Ethical Practice As Purification

The Eightfold Path picks out Right Thought, Right Speech, and Right Action as the foci for ethical practice. This is wise.

I’d like to begin with where we are, however. We engage in wrong, unwholesome, negative thought patterns; and we react, in wrong speech and in wrong action, out of these unwholesome thought patterns.

In lieu of appealing to basic ethical precepts (however helpful these may be), might each of us try to identify the particular ways in which a specific unwholesome thought, speech, and action arise? If we could do that, then we’d be in a position to formulate ethical maxims that could be skillfully applied to the specific situation–just where we need them most.
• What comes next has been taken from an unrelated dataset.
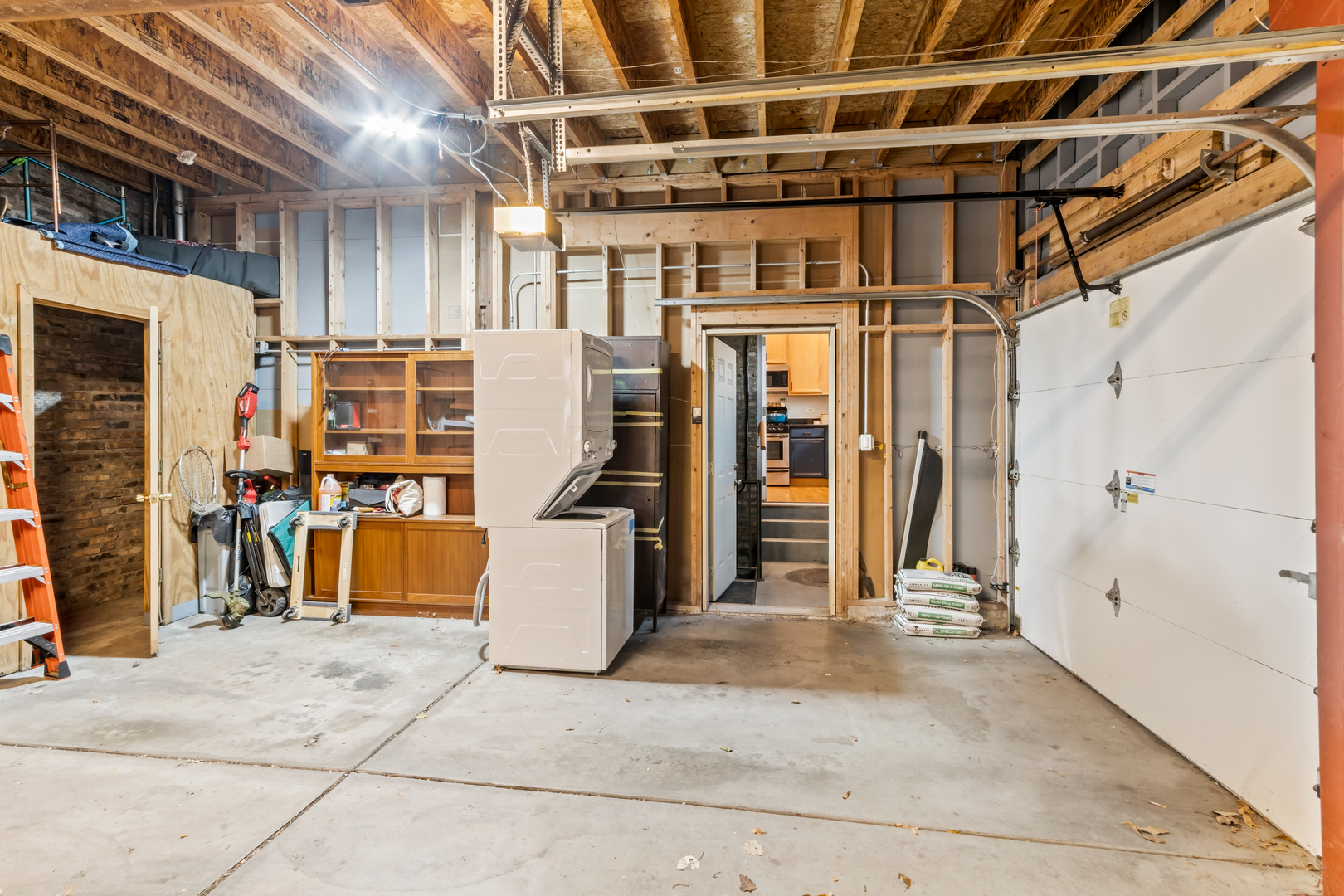 2558 W Haddon Avenue Unit: 1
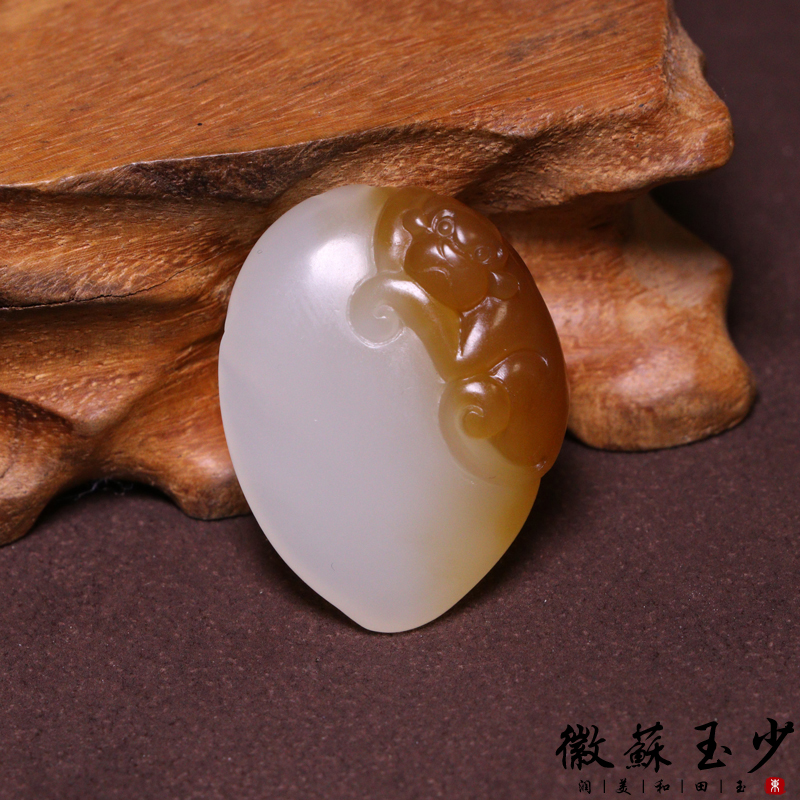 徽苏玉少 新疆和田玉 且末糖白玉灵猴献寿俏色精雕吊坠12.8g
It would be good, then, to begin by identifying one’s samskaras, or false identities. If John, out of pride, believes, “I am the knower,” then unwholesome thoughts will show up (“She doesn’t know what she’s talking about–the fool”) as will wrong speech (“It seems to me that quantum mechanics says otherwise”) and wrong action (the agent in question refuses to do X or Y on the grounds that both are ‘beneath him’).

The key ethical maxims, in this case, would be:

  • Be humble: let go of pride and thus of separation.
  • Be charitable: give a lot of slack to others as they express their views, etc.
  • Be open: let go of “yes this” and “no that” (Zhuangzi).

Understood thus, ethical practice is a way of purification and thus a way also of attuning oneself to Awareness.